Setting Max Treedepth in difficult high-dimensional models

I’ve been operating on the principle that @betanalpha 's new Virial based sampling algorithm would do a reasonable job of choosing a sampling length, and that if I hit the tree-depth, adding additional depth would be a good thing.

On the other hand, I’ve got an 8000 dimensional model using thousands of simplexes, and it was happy to simply go on and on for treedepth of 14 or more, getting even 100 samples was taking a day or whatever.

This afternoon I decided to actually reduce the treedepth to 7 and that seemed to get me into the typical set in less wall time, increasing to treedepth 9 seemed to get me into the typical set even faster. step-size is about 4 times as large in treedepth 9 as in treedepth 14. in all, it seems I’ve improved efficiency of this model at least, by reducing treedepth. we’ll see how good the rhats and traceplots are after I finally get my samples.

Is there a general kind of advice that’s applicable here? under what circumstances is increasing or decreasing treedepth in order to force shorter or longer trajectories better?

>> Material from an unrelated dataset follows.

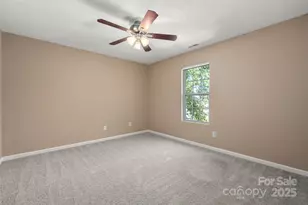 6934 Tanners Creek Dr, Huntersville, NC 28078 - Photo 22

Note, Rhat was generally better after pulling 200 samples from treedepth 9 than with treedepth 14, and it took about a half hour rather than half a day.

Of course, it also showed that the model needed work, because it wasn’t matching a global estimate with a global observed value very well, so I’m now adjusting it and rerunning. again with treedepth 9, and expect it to take less than an hour. watching the CSV files already shows it was in the typical set with stable lp__ in about 20 samples, taking about 3 or 5 minutes, compared with upwards of tens of minutes for just 1 sample at treedepth 14

I’ve had some similar experiences, seemingly because until the sampler has some ‘semi reasonable’ adaptation, the treedepth can blow out to high values. Some kind of treedepth adaptation during warmup might be helpful? I reduced the issue in my case somewhat by adjusting the adapt_init_buffer and adapt_window parameters to much lower values, like 10 and 5, so adaptation happens more quickly. Apparently such changes can pose problems, but I have not experienced any, so far as I’m aware!

Increasing the tree depth should always improve effective sample size per iteration and hence artificially decreasing it is not recommended. Often what happens is that by increasing the tree depth threshold allows the sampler to explore more completely during adaptation (you can see if your adaptation was being limited by looking at the tree depth of the warmup iterations) which then affects the variance/metric element estimates and then the final adapted step size. In other words, you were missing some nasty valley in your posterior initially, adapted to only what you were seeing, and getting fast but biased exploration (often you’ll see divergences, but you may need to run longer for the chain to get close enough to the entrance of the valley for divergences to manifest). By increasing the tree depth threshold adaption is more accurate and you get the smaller step size that you need to accurately explore.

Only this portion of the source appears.